A beautiful toned body is the result of hard work. It’s true! However, most people think that it is possible to get the body of a dream only in the hall. And this is a lie. Even half an hour of training every day can change you beyond recognition. It is only necessary to equip yourself with perseverance and a sports mat.
Olympic medalist and founder of the Academy of Rhythmic Gymnastics demonstrated four exercises that guarantee you a tight ass at home. Don’t forget: bikini season is ahead.
Lifting the legs up: 3 approaches x 20 times
– Starting position: get on your knees, hands on the floor.
– Bend your right leg at a knee at a right angle and lift it up from this position. The foot should “look” at the ceiling, the sock stretched on itself. Do not bend at the waist and make sure your back is straight.
When performing the exercise, strain your buttocks.
– Do the required number of times, return to starting position and repeat the exercise on the left leg.

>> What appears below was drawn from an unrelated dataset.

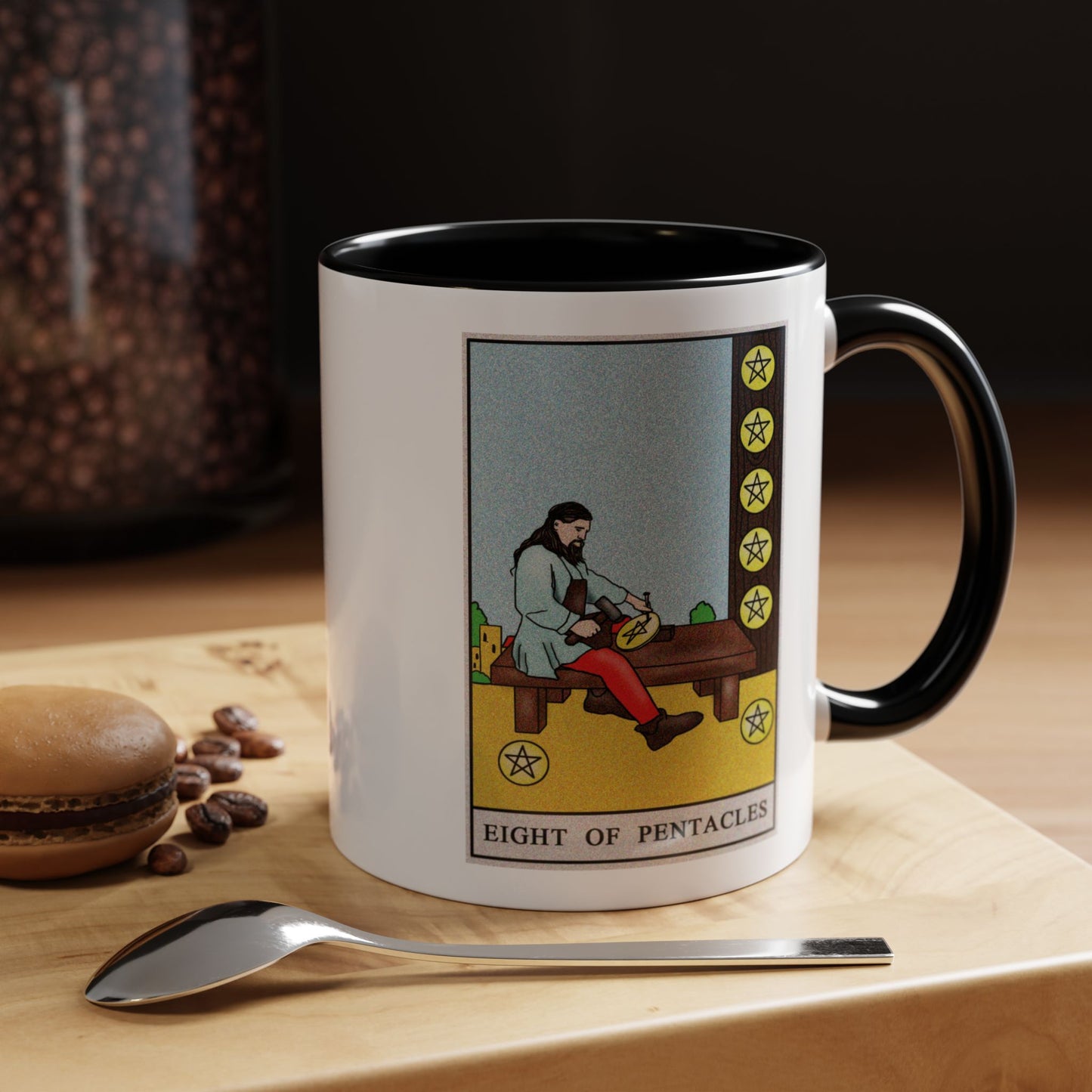 Eight of Pentacles Tarot Card Coffee Mug - Double Sided Print, Black Accent White Ceramic, 11oz by TheGlassyLass.com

Lifting pelvic lifts or buttocks: 3 approaches x 20 times
– Starting position: lie on your back, shoulders and body firmly pressed to the floor, arms straight along the body palms down, and legs bent at the knees.
– From this position, lift the pelvis as high as possible. While tensing your buttocks, stay at the top for 3-5 seconds. When returning to the starting position, do not touch the buttocks of the floor. Do it the right number of times and give yourself a few minutes to rest.
Lifts of the pelvis with support on one leg: 3 approaches x 15 times
– Starting position: lie on your back, shoulders and body firmly pressed to the floor, arms straight along the body palms down.
– Bend your left leg at the knee and straighten your right leg up. Start lifting the pelvis. Stay in the upper point, tense the muscles of the buttocks as much as possible.
– Do the required number of times, return to starting position and repeat the exercise on the other leg.
Strap with tightly compressed buttocks: 1 approach x 1 minute
– Focus on the palms with arms straight at shoulder width or elbows at 90 degrees.
– Press your socks to the floor so that the torso forms one straight line. Make sure your back is straight, your waist is not bent, and your buttocks and press remain tense throughout the exercise.
– Stand in the bar for the beginning of 1 minute, but with subsequent workouts increase this time.